Entrambe le famiglie che hanno posseduto Bracciano hanno dato il loro contributo all’implementazione di queste attività.
Gli Orsini
Il primo acquedotto di Bracciano fu costruito intorno al 1578 per volontà di Paolo Giordano I Orsini, che volle impiantare a Bracciano la lavorazione del ferro. Sulle sorgenti dell’acquedotto, situate nel bosco di Manziana e sfruttate fin da epoca romana, fu edificata una cappella intitolata a Santa Maria della Fiora di cui rimangono interessanti tracce; la cappella sorge su preesistenze romane.
L’acquedotto di Paolo Giordano, oltre a fornire forza motrice alle macchine degli opifici, alimentava una fontana in paese; in cambio della concessione dell’acqua la comunità si impegnò a versare al duca Orsini 350 rubbia di grano per cinque anni.
Paolo Giordano II, nipote del primo, sposò nel 1620 Isabella Appiani, principessa di Piombino: ciò dette grande impulso all’industria del ferro, alimentata dalle miniere dell’Elba di proprietà della principessa.
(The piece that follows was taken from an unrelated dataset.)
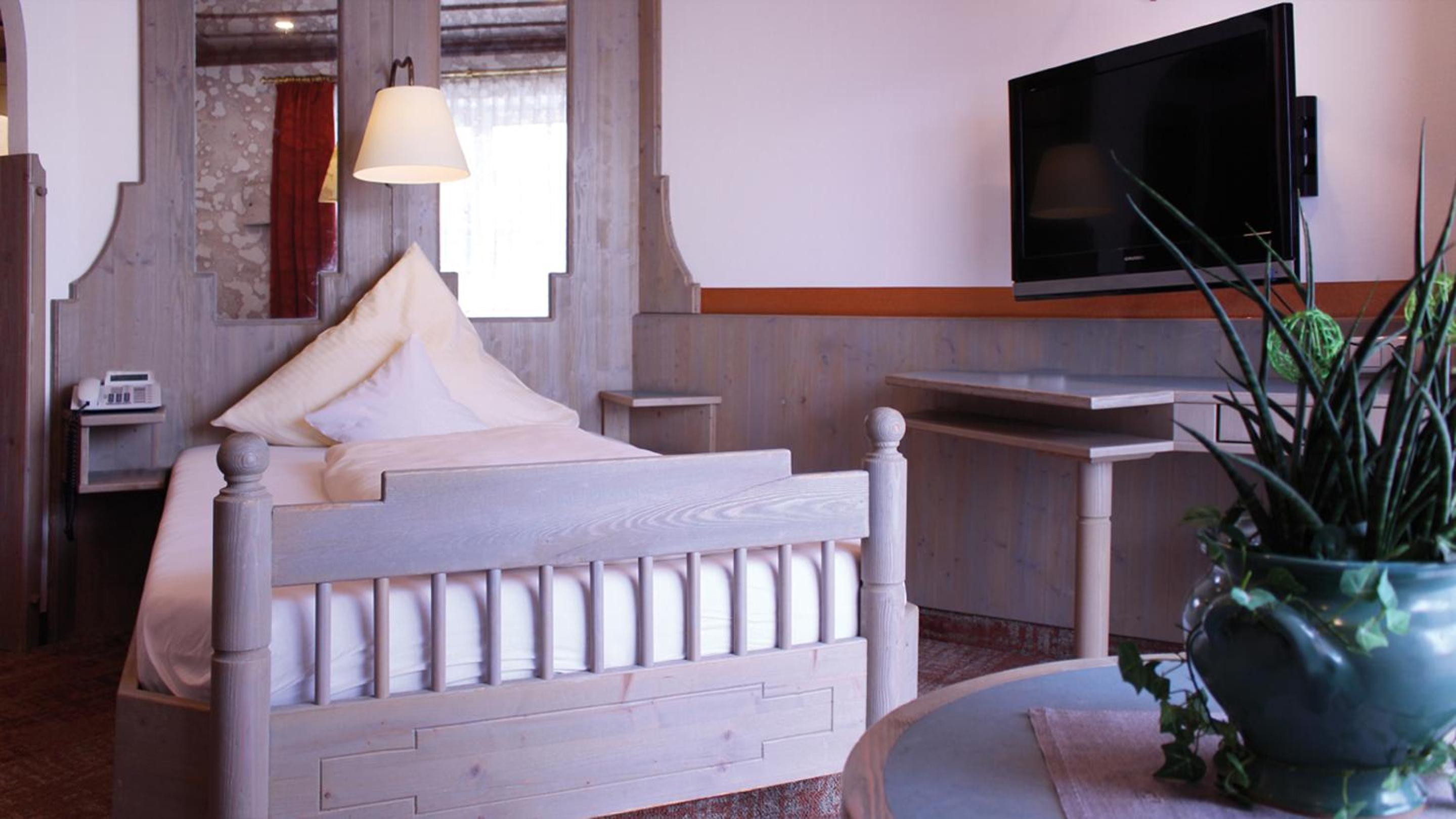 Deluxe Single Room with Balcony photo 3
Nel 1696, quando Bracciano fu acquistata dagli Odescalchi, gli opifici non smisero la loro produzione.
Gli Odescalchi
Livio I Odescalchi (1658-1713) decise di implementare l’industria del ferro a Bracciano. Egli fece costruire un nuovo acquedotto, ma fu il suo successore Baldassarre a far costruire gli opifici. Il nuovo acquedotto dava forza motrice alla cartiera, a sei ferriere e a due mole, una a grano ed una ad olio. La mappa dell’acquedotto con i suoi opifici è esposta nella sala dedicata alla comunità.
L’acquedotto, lungo circa 7 km e parzialmente interrato, fu costruito su progetto dell’architetto Carlo Buratti tra il 1700 ed il 1710. Per accorciare i tempi di costruzione il lavoro fu affidato a più squadre di manovali che lavoravano contemporaneamente su tratti diversi. Dalla metà del Settecento si trovano contratti di affitto relativi a cinque ferriere: il duca infatti gestiva direttamente la prima, ove era situato il forno del ferraccio, imponendo agli affittuari l’acquisto di diverse centinaia di libbre del ferro di sua produzione.
La cartiera di Bracciano era una delle più rinomate dello Stato Pontificio: vi si produceva solo carta di qualità utilizzando le più avanzate tecnologie del tempo.
Nel 1803 gli Odescalchi vendettero il territorio di Bracciano alla famiglia Torlonia con la possibilità, stabilita contrattualmente, di poterlo ricomprare: ciò accadde nel 1848. La produzione del ferro e della carta cessò durante la proprietà Torlonia. Ciò è imputabile, verosimilmente, anche alla disponibilità di nuove tecnologie, che avrebbero imposto il completo rinnovo delle macchine con costi certamente elevati.
Sono ancora visibili tratti dell’acquedotto antico (notevoli i cosiddetti “archi di Boccalupo” nella campagna fra Bracciano e Manziana) ed uno degli edifici che conteneva una ferriera, dove è conservato un maglio settecentesco. In una delle ferriere, trasformata in lavatoio nel corso dell’Ottocento, il Comune ha ricavato un piccolo auditorium.